Franco Pipino

Personal information
- Full name: Franco Pipino
- Born: c. 1924

Playing information
- Height: 5 ft 9 in (1.75 m)
- Weight: 12 st 4 lb (78 kg)
- Position: Fullback
Club
| Years | Team | Pld | T | G | FG | P |
| 1950–≥50 | Torino XIII |  |  |  |  |  |
Representative
| Years | Team | Pld | T | G | FG | P |
| 1950–≥50 | Italy |  |  |  |  |  |

= Franco Pipino =

Former Italy international rugby league footballer

Franco Pipino (born c. 1924) is an Italian professional rugby league footballer who played in the 1950s. He played at representative level for Italy, and at club level for Torino XIII, as a .

==Playing career==

===International honours===
Vincenzo Bertolotto co-organised (with Dennis Chappell , from Wakefield, and a Turin resident), and captained the Italy (RL) tour of 1950 to France (3 matches), England (including; 28-49 defeat by Wigan at Central Park, Wigan on Saturday 26 August 1950, Huddersfield at Fartown Ground, Huddersfield on Wednesday 6 September 1950, St. Helens at Knowsley Road on Thursday 16 November 1950), and Wales (including; 11-29 defeat by South Wales XIII at Brewery Field, Bridgend on Saturday 2 September 1950).

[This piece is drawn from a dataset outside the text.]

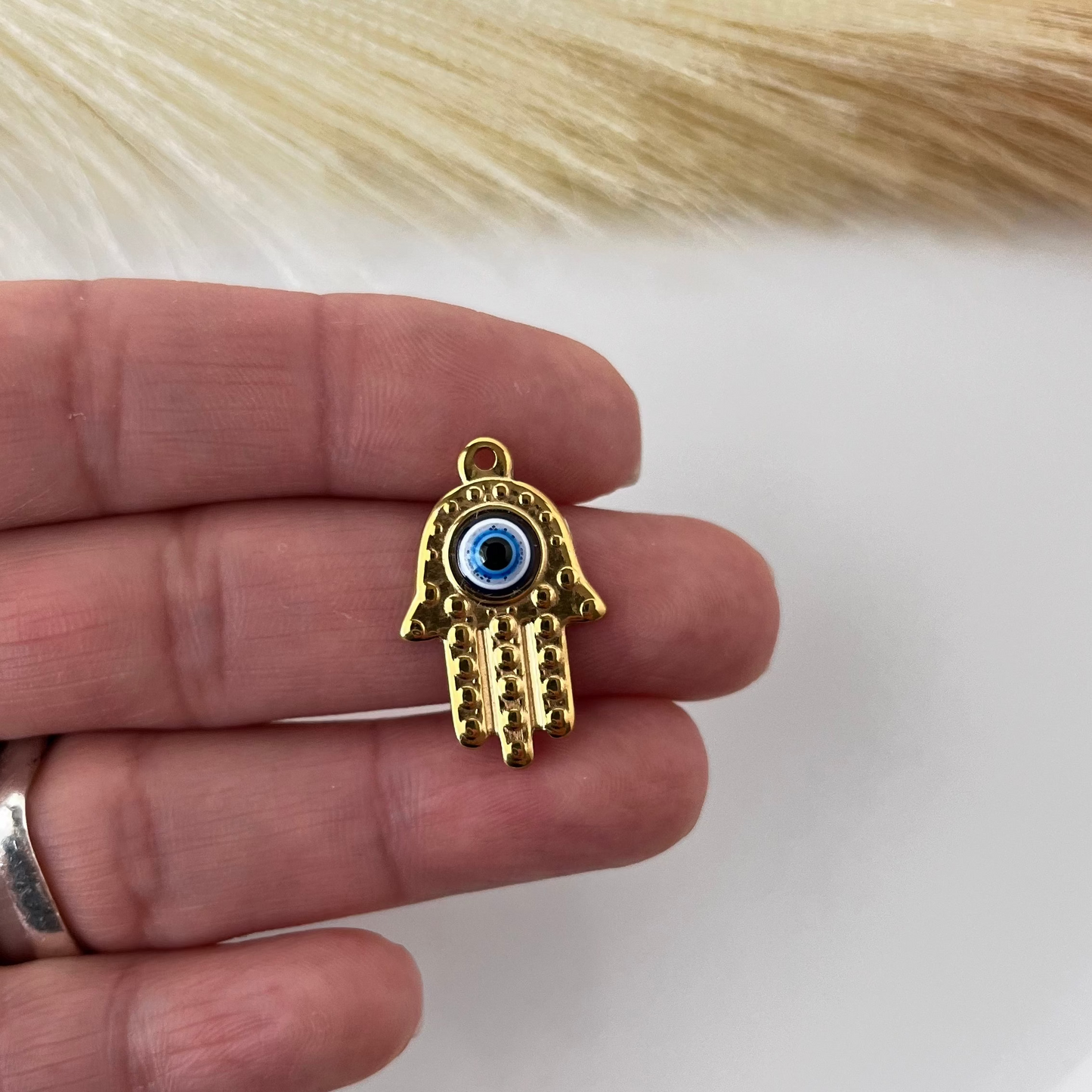 Mano de Fortuna Charm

The Italy (RL) squad was; Guido Aleati (previously of R.S. Ginnastica Torino (RU)), Sergio Aleati (previously of R.S. Ginnastica Torino (RU)), Roberto Antonioli (previously of R.S. Ginnastica Torino (RU)), Angelo Arrigoni (previously of R.S. Ginnastica Torino (RU)), Vincenzo Bertolotto (previously of R.S. Ginnastica Torino (RU)), Michele Bietto, Giovanni Bonino (previously of R.S. Ginnastica Torino (RU)), Luigi Bosia, Giuseppe Cannone, Pasquale Cannone, Delio Caron, Gabriele Casalegno (previously of R.S. Ginnastica Torino (RU)), Amerio Chiara, Giorgio Cornacchia, Guido Cornarino (previously of R.S. Ginnastica Torino (RU)), Fabrizio Faglioli, Enzo Francesconi, Giuseppe Franco, Aldo Guglielminotti (previously of R.S. Ginnastica Torino (RU)), Giovanni Orecchia, Luigi Pignattaro, Franco Pipino, Giorgio Rassaval, Giorgio Rubino, Giovanni Tamagno (previously of R.S. Ginnastica Torino (RU)), Oreste Tescari and Giovanni Vigna.

===Club career===
Following the Italy (RL) tour of 1950 to France, England, and Wales, a Torino XIII featuring Franco Pipino joined the French league.